The Zubin system can counter a variety of cruise missiles, drones, low-altitude enemy fighters, and long-range munitions.

==Specifications==
Zoubin defense system is installed on a trailer and therefore has high mobility. The harpoon control room is also installed below it and has a superior feature in terms of operation compared to similar models. The Zoubin short-range defense system has been specifically engineered and produced to address various threats, including cruise missiles, suicide drones, different forms of surveillance and combat drones, low-altitude fighter aircraft, and long-range munitions. Images released of this defense system reveal four vertical box-shaped launchers. Since the Zoubin system is capable of engaging eight targets simultaneously, it is equipped with an equivalent number of missiles.

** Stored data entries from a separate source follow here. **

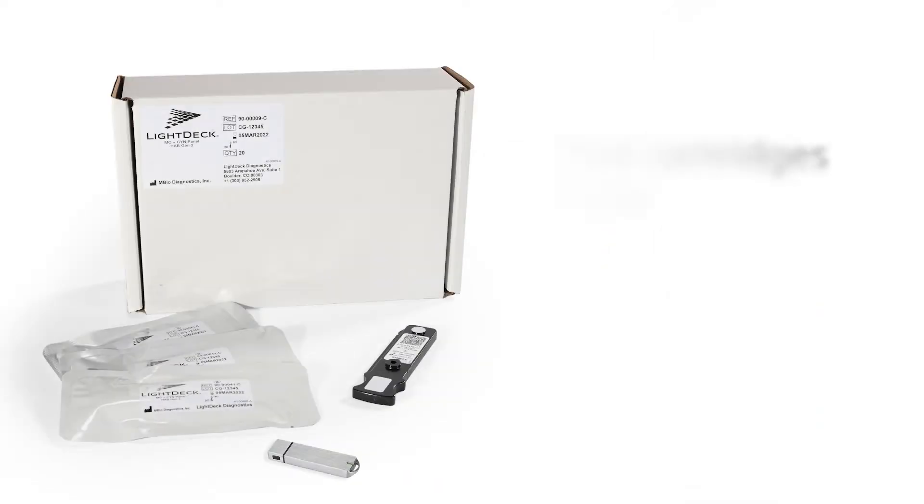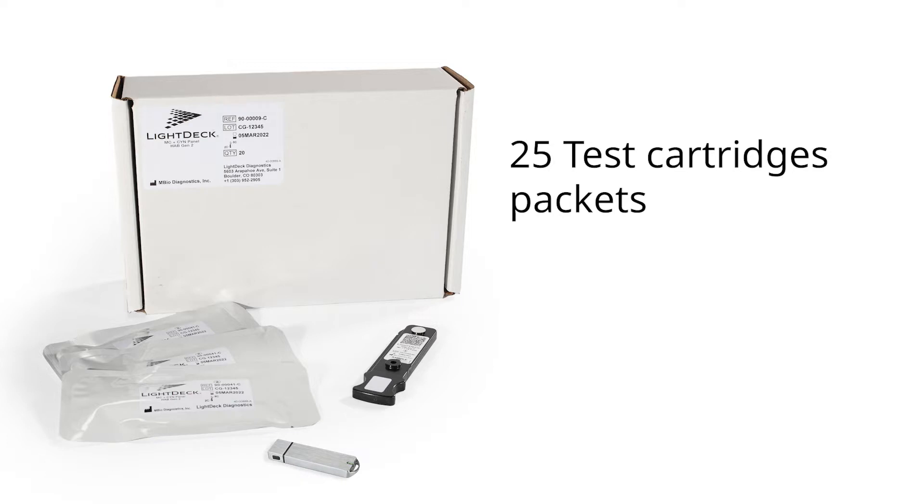The LightDeck Mini ships with a 100 microliter fixed volume pipette and 28 disposable pipette tips. Each box of disposable test cartridges includes 25 test cartridge packets and one USB flash drive that contains a definition file for the cartridge lot.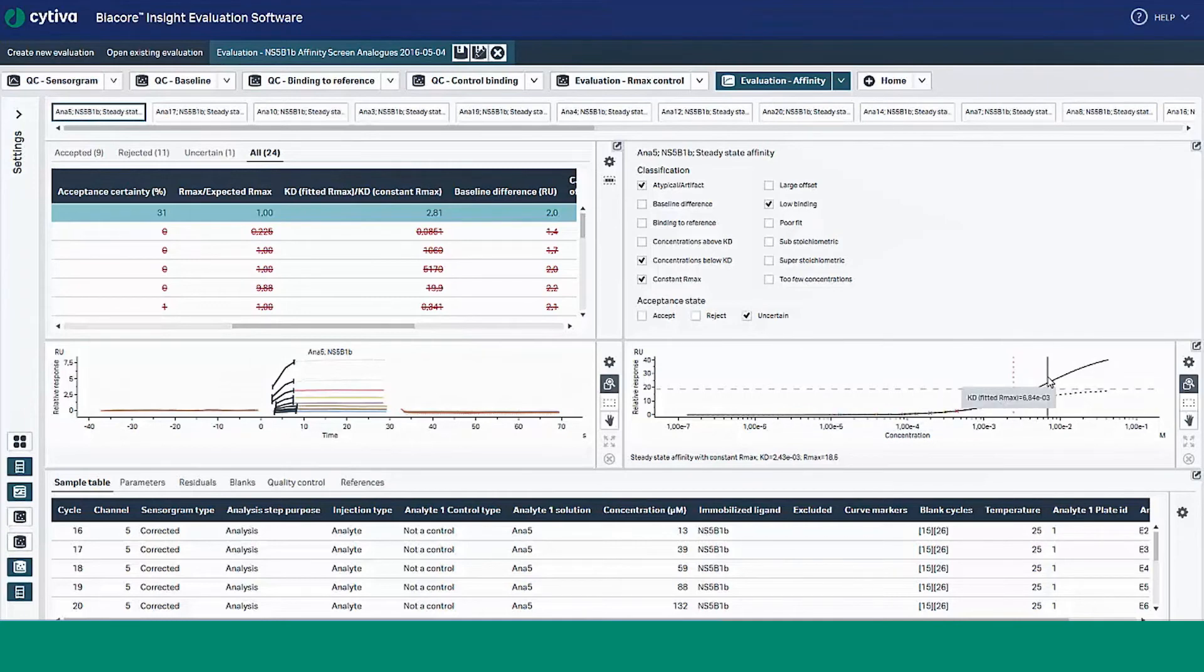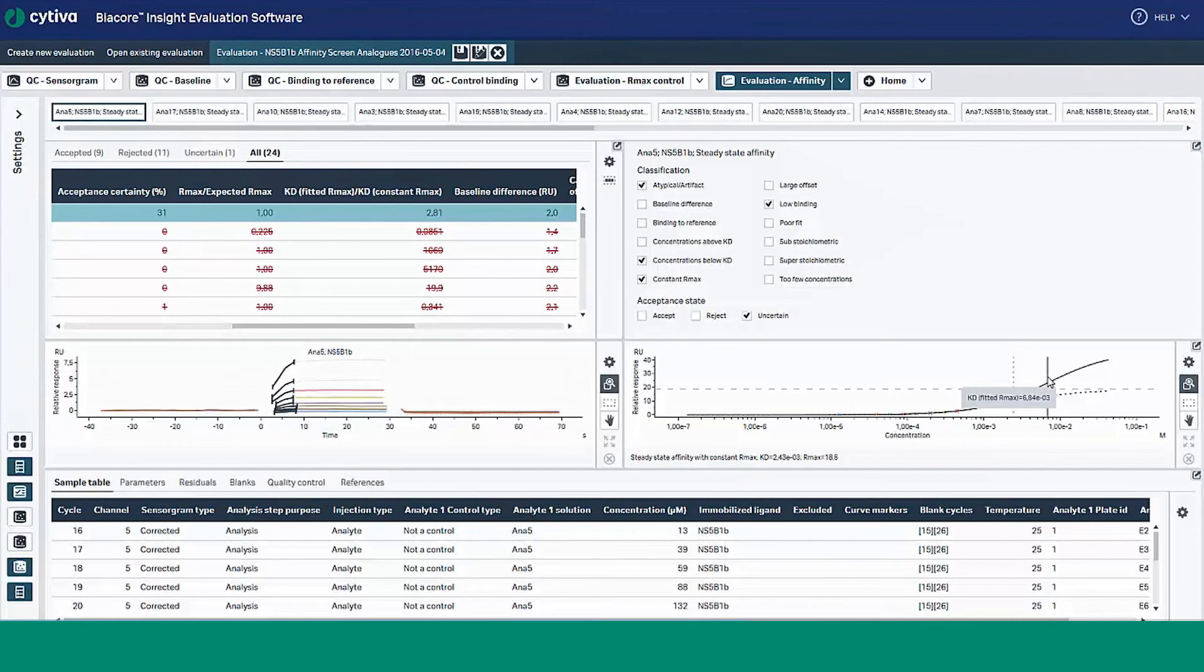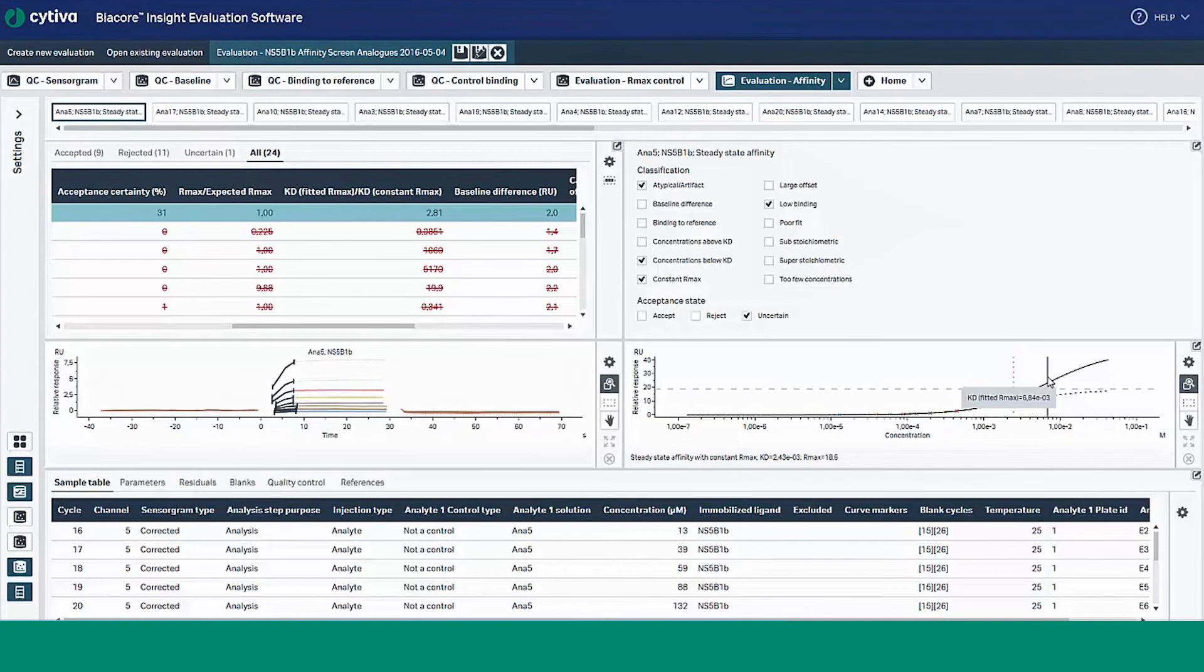The dash black isotherm is a plot of the relative response versus concentration with steady state affinity model applied with a constant RMAX. The expected RMAX is obtained for each analyte from the response of a control analyte, RMAX control, and the relative molecular weights of a control and sample. The dash vertical line denotes the KD determined from the constant RMAX.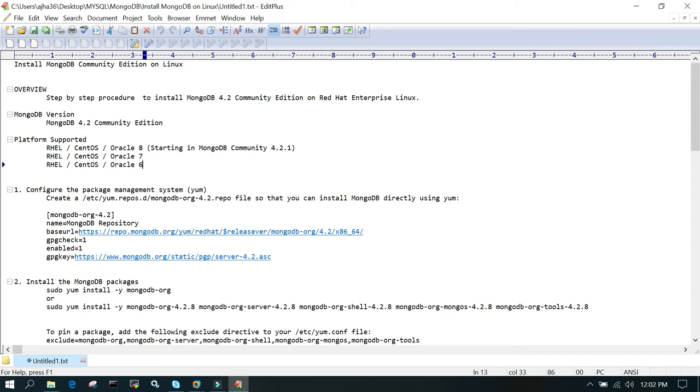Welcome to the MongoDB video tutorial. In this video tutorial, we will learn how to install MongoDB Community Edition on Linux.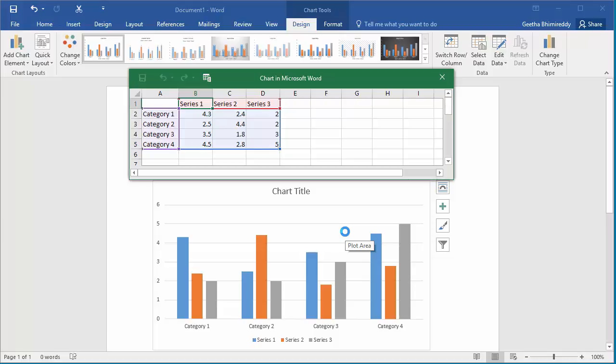For example, if this is a chart to show the status of a project and the project has enhancements and issues and each type is divided into three categories. For example, open, in progress and complete. You can change the labels to show the text as you want like enhancements, issues and the three categories open, in progress and complete.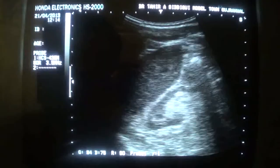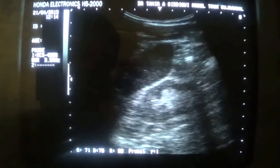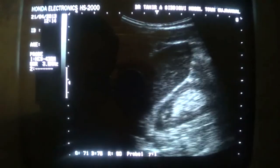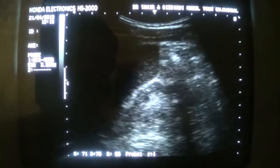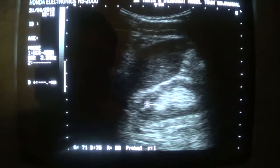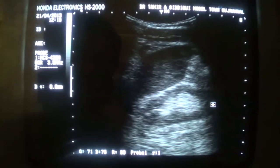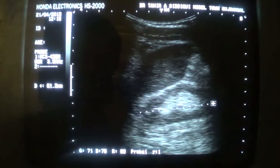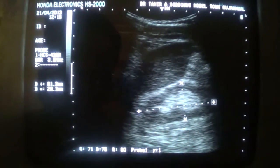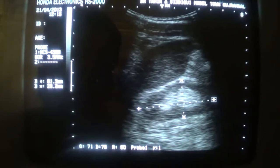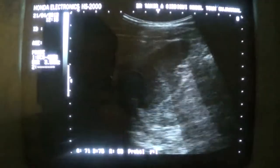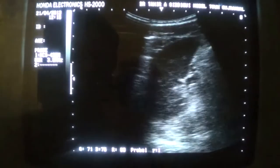Now, this is the left kidney. You can see there is muffling of the corticomedullary differentiation. The size is 6.1 by 2.8 cm, and this kidney is already very small in size. No other significant finding is seen relating to the kidney.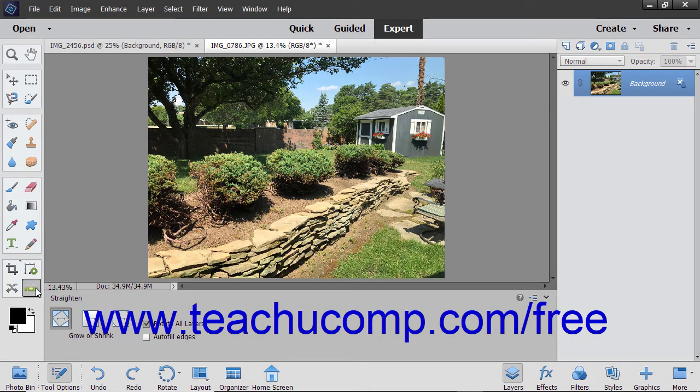The straighten tool is handy for times when you want to correct a crooked picture. You can specify a new straight edge and then rotate the image according to your line.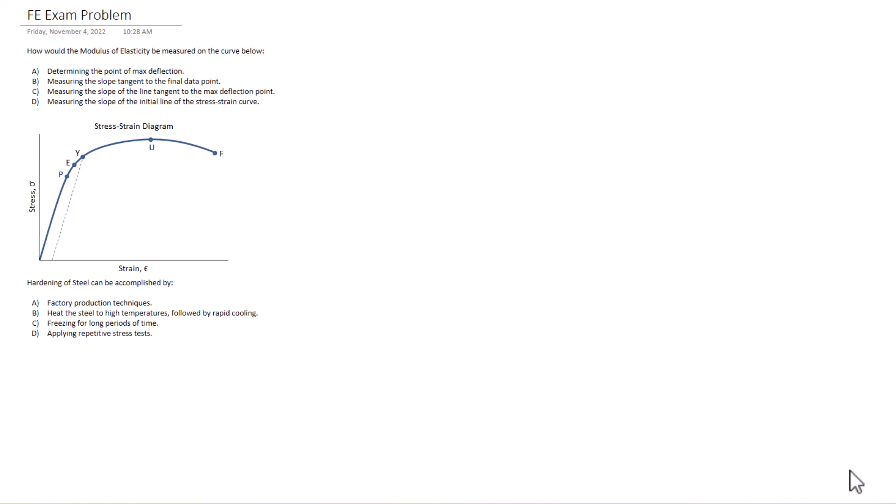Try and solve these before I explain the solution or before I reveal the solution. And then I'll get into the solution here. So I'm going to start. The question is, how would the modulus of elasticity be measured on the curve below? So we can clearly see the curve. It's a stress strain curve. And we have four options.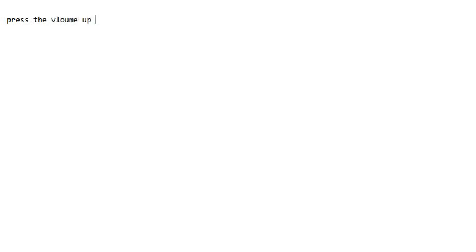First, what you have to do is press the volume up button once and then release it. I'll write it down for you here: press the volume up button and release it. That's step number one.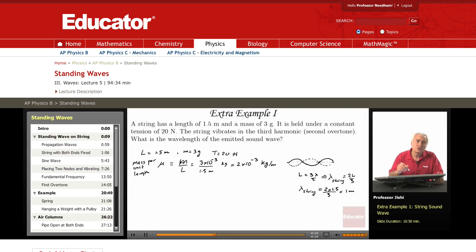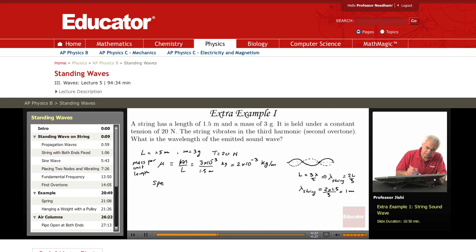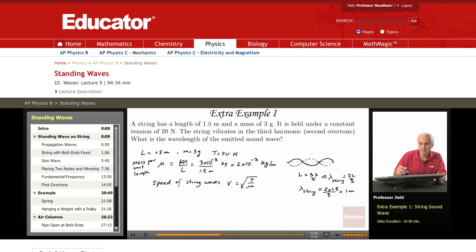I know that the tension is 20 newtons. So from mu and the tension I can get the speed of waves on the string. The speed of string waves is the square root of T over mu. So V is the square root of 20 newtons divided by 2×10⁻³, which is the square root of 10⁴, which is 10². That's 100 meters per second.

The vertical missile technology utilized in this system has been developed and implemented by Iranian experts following the advancements made in the "Bavar 373" long-range defense system. The Navab system, which represents the naval variant of the Zoubin system, is intended for installation on Iranian destroyers and employs the same launching mechanism. This configuration allows for the deployment of multiple anti-aircraft missiles on a warship, contingent upon the vertical mounting of the launchers. Considering the dimensions of the launchers associated with the Zoubin defense system, it is evident that they have been specifically designed for the deployment of smaller missiles. These compact launcher systems have facilitated the transportation and launching of missiles via tactical vehicles, medium trailers, and smaller vessels in recent years.